By reducing taxes, you are giving less to the government, allowing you to leave more behind to those you love. Another benefit is that the payout can be a lot quicker to the beneficiary, because the insurance proceeds can bypass probate. As you can imagine, many who purchase these types of policies likely had much success in their life – and their estate may be complex. The more complex the estate, the longer it could take for their children to receive their inheritance.

Some may consider using surplus income, and investing that surplus towards such plan.
However, you need to be relatively certain that you will be able to maintain such income or payments into the plan. Think of those clients this year, who are impacted by COVID, and not making as much income as previous years. Many of these insurance strategies involve long-term planning. If you find yourself in the position where you can’t make the payment towards the policy, and need to lapse the policy – you just threw a bunch of money down the drain.

Yes, you do need to work with a professional who understands cash value life insurance and more importantly, helping you make an informed choice on if it makes sense or not. Too many push these types of solutions, as yes, they do pay out a nice commission given the size of some of these cases. There are many different ways these policies can be structured. Some are fully guaranteed, where the investment account and death benefit are guaranteed never to decrease.

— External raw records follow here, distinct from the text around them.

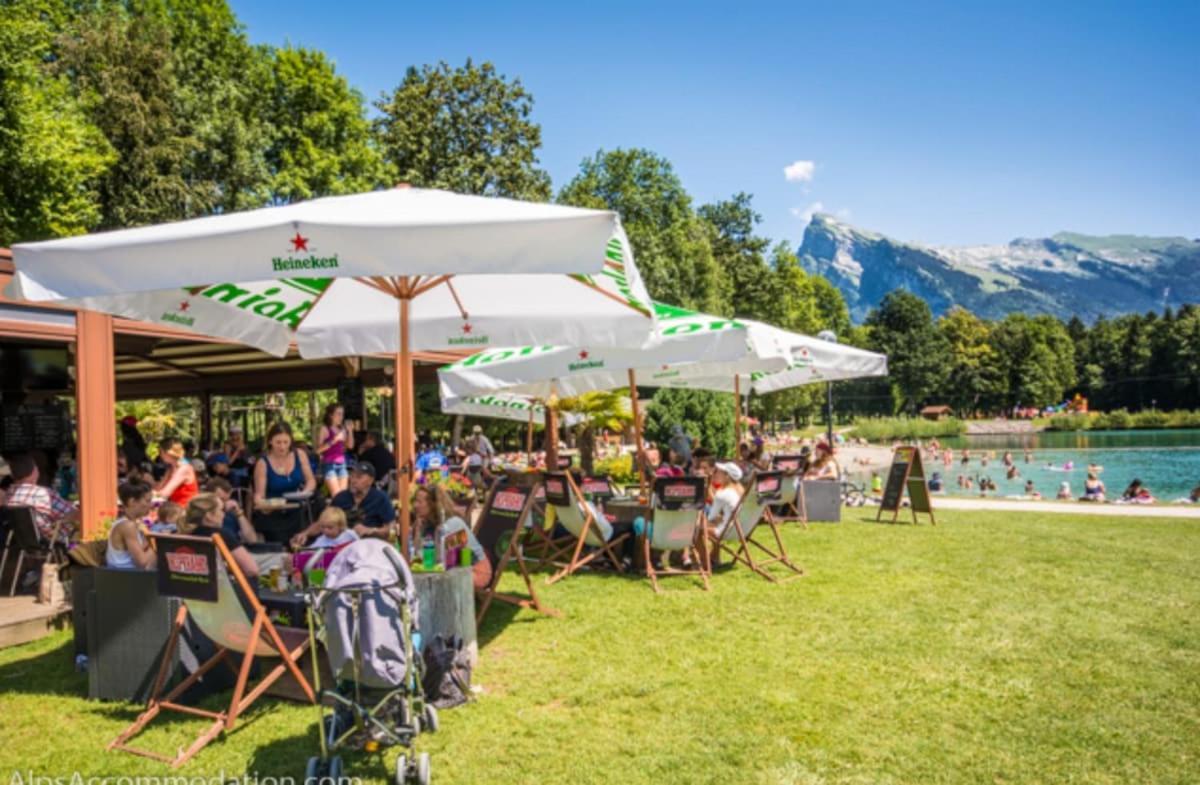 Bungalow 3 Chambres Pour 6 Pers Avec Climatisation Camping 3 Etoiles Samoens Exterior photo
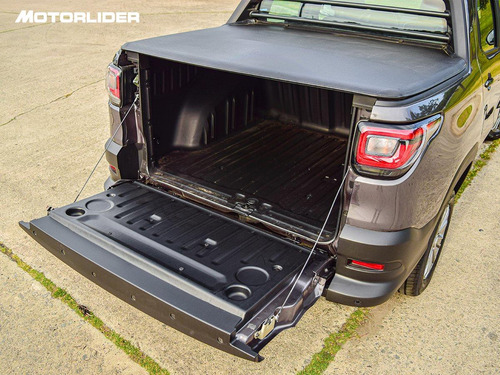 Imagen 14 de 25 de Fiat Strada Freedom Doble Cabina 1.4 | Permuta / Financia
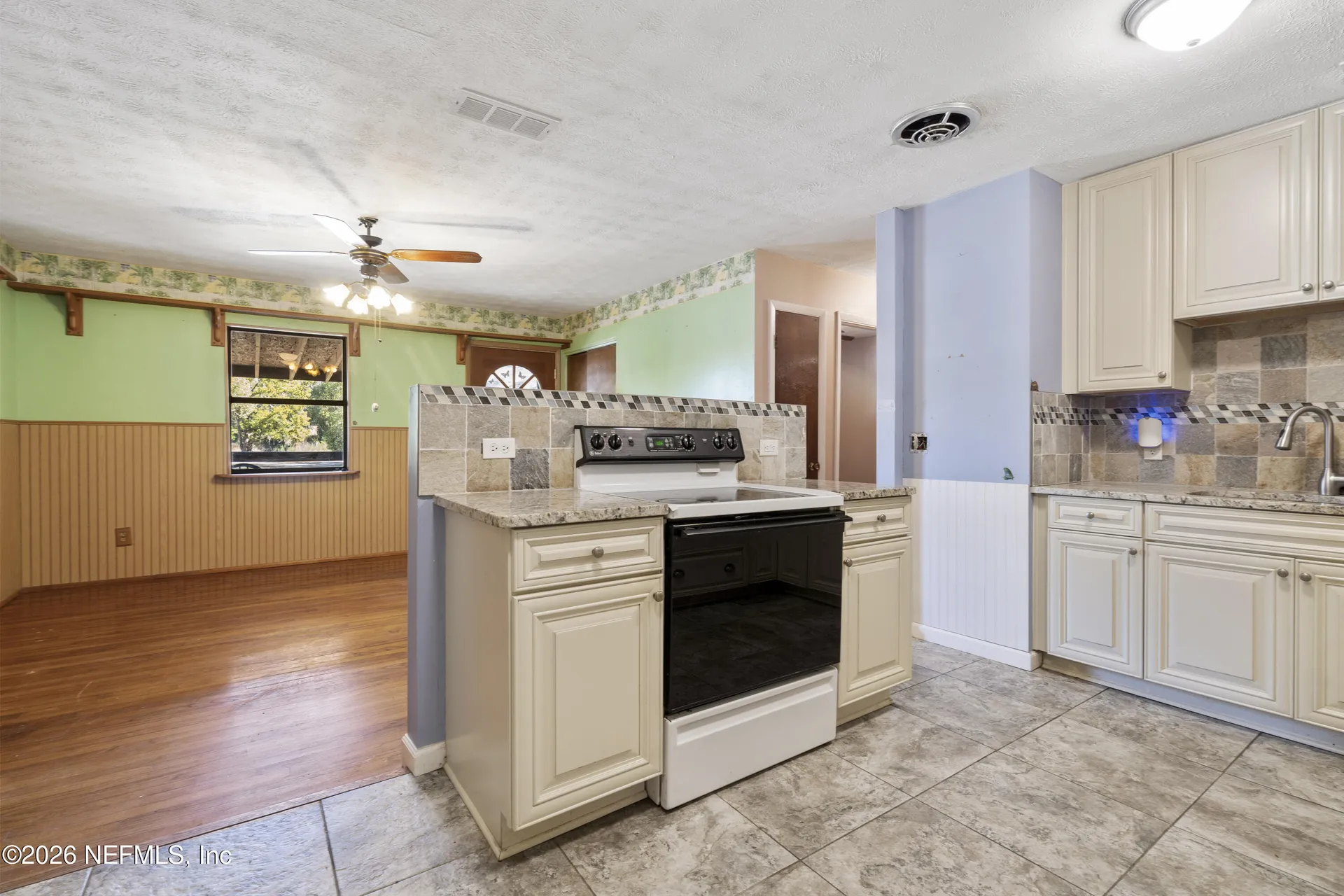 101 S Oakridge Avenue Green Cove Springs FL 32043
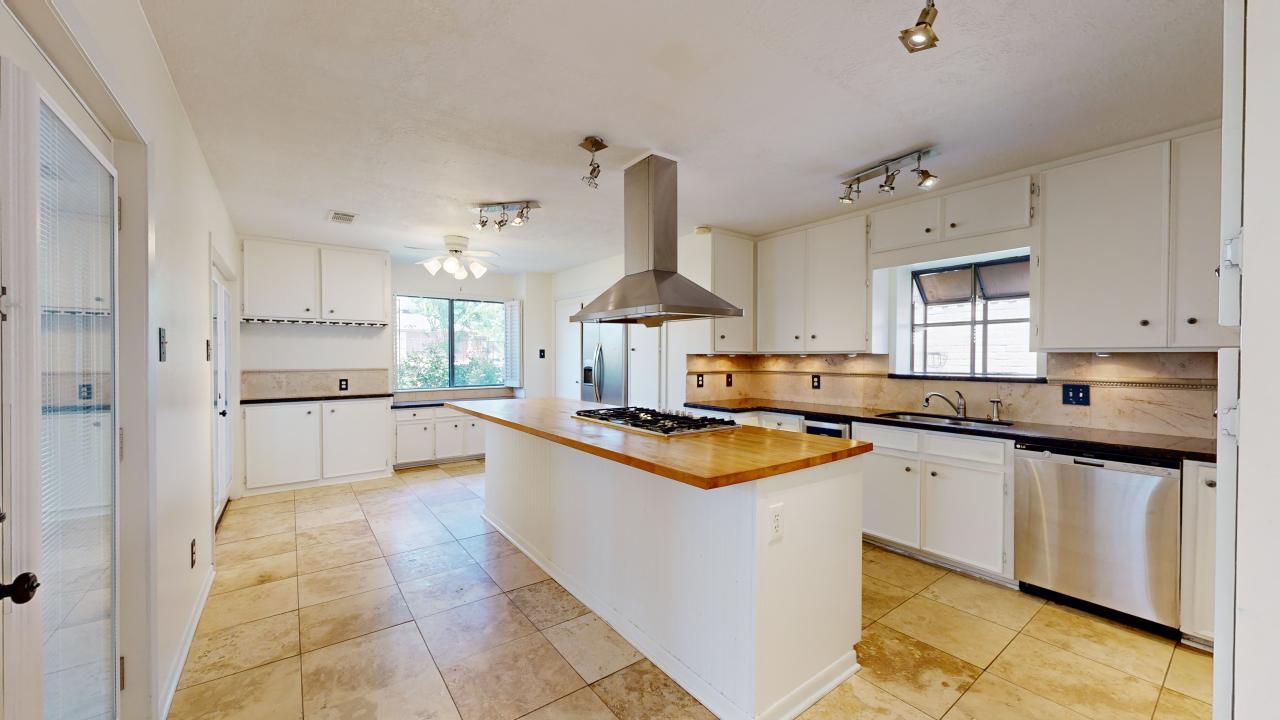 3004 Gleneagles Court property image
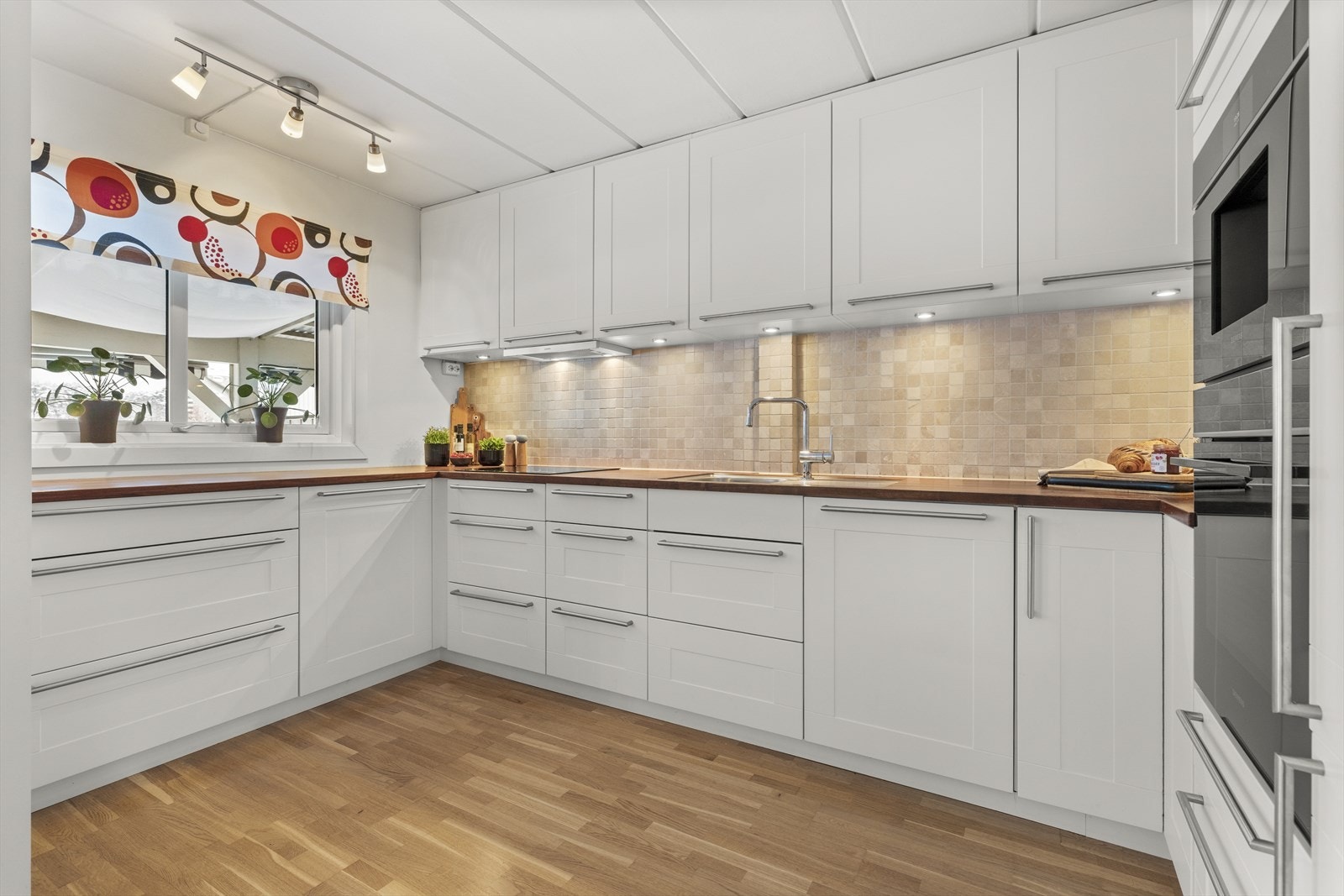 Tidløst Kvik kjøkken fra 2012 med integrerte hvitevarer. Galleribilde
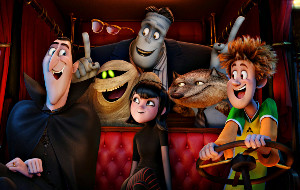 Dracula, Mavis e Johnny con alle spalle Murray, Griffin, Frank e Wayne in Hotel Transylvania 2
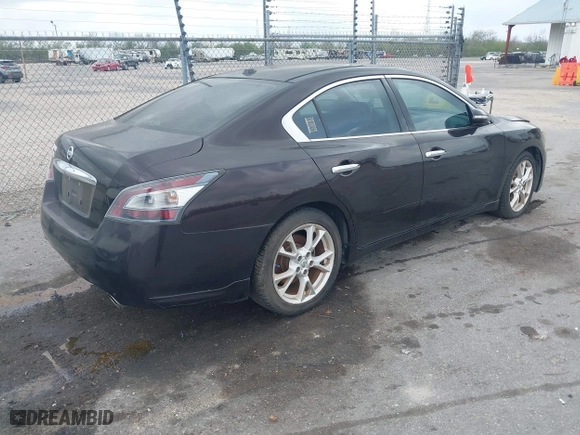 2012 Nissan Maxima 3.5 SV with VIN 1N4AA5AP1CC865403, listed as a IAAI auction lot 41793435 with 204,136 mi miles. Bid and sale history available at carsss.com. Image 4.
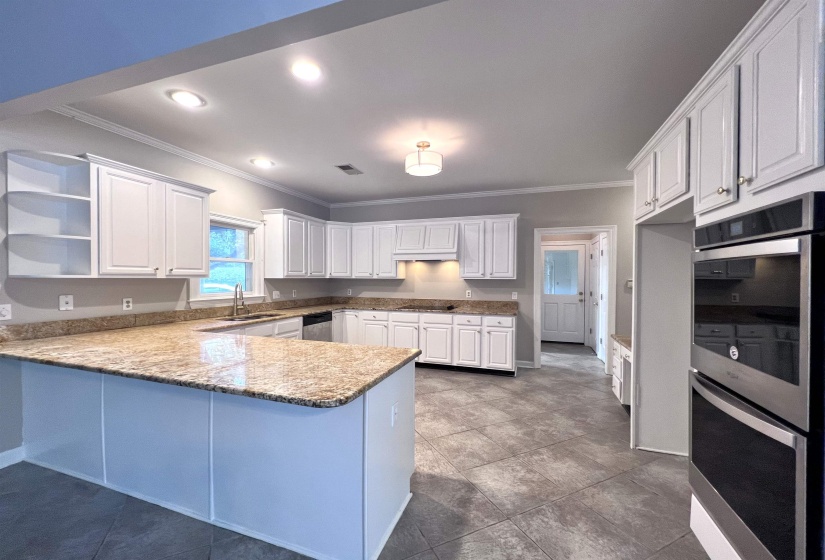 560 WINDSOR PARK CV, Collierville, Tennessee 38017, 4 Bedroom Bedrooms, 9 Room Rooms,3.1 BathroomBathrooms,Residential,For Sale,WINDSOR PARK,0,10229762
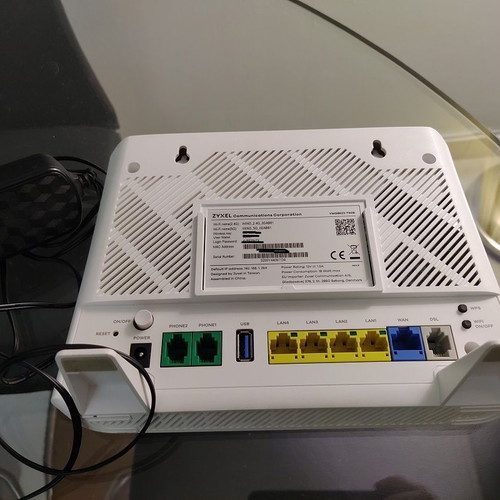 Zyxel VMG8623-T50B modem router like new, dual band WiFi, VoIP
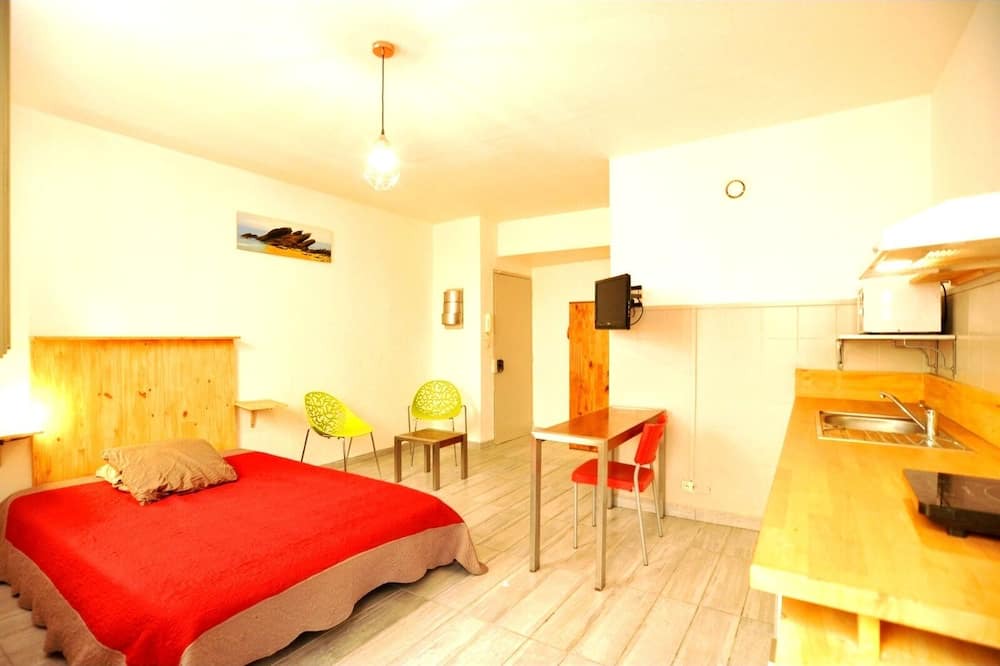 Photo of Bedroom in Les Cinq Avenues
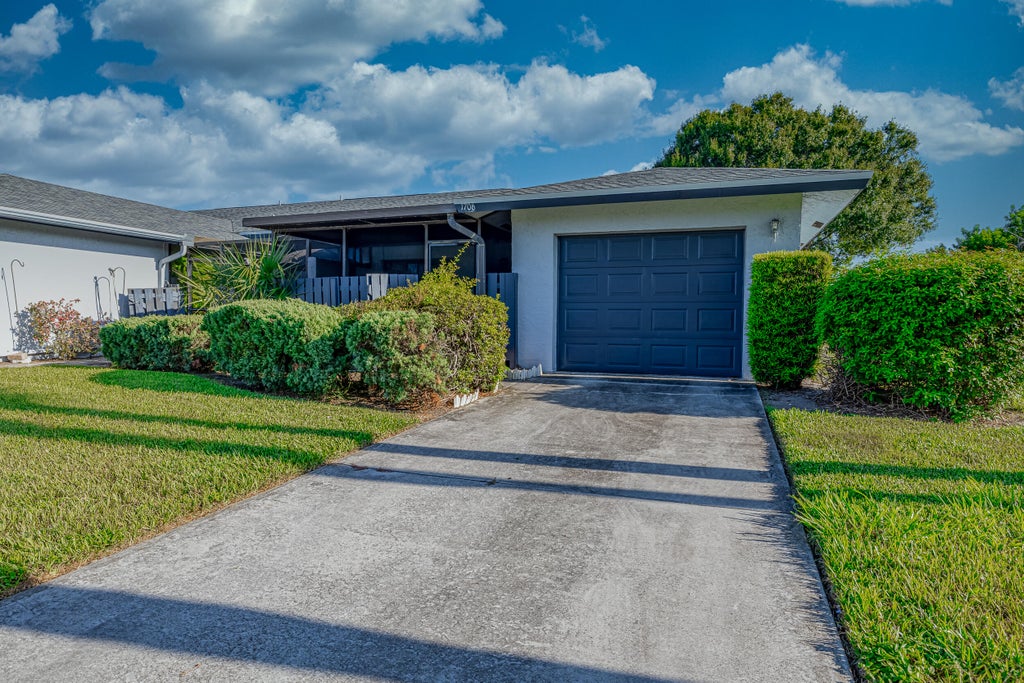 Photo of 1706 N Dovetail Drive #H, Fort Pierce, FL 34982 (MLS # B26066309)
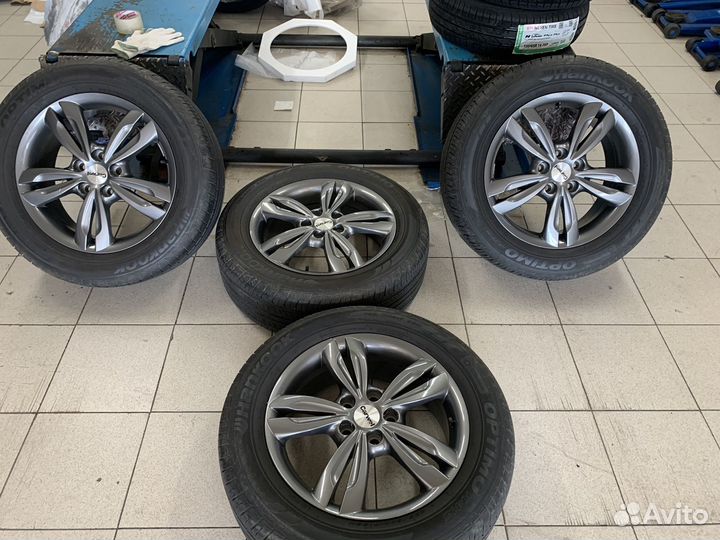 Продам колеса в сборе с IX35 R17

Others are very risky, where you may find yourself in a heap of trouble down the road (Universal Life, with an Increasing Cost of Insurance is one of those examples).

If one isn’t already maxing out their TFSA/RRSP and looking for additional tax-deferred growth, than it’s likely too soon to seriously consider cash-value life insurance. Majority of Term Life Insurance policies can be converted to a permanent plan down the road, without any medical underwriting. Just make sure the term policy is with a good company, that is most likely going to have a good product shelf for Cash Value Life Insurance.

If one has a family cottage or investment properties that they plan to leave to their children, than they could use a cash value policy to cover the capital gains tax bill upon their death as well.

Lastly, you are still young and dependent on your ability to earn an income. You may want to ensure that you protect your ability to earn that income. Disability Insurance may be something you want to consider. This can help you stay on financial track if life throws you a curve ball.

Hope that helps!

Wow this is so clear, even clearer than from my estate planning professor! Thank you!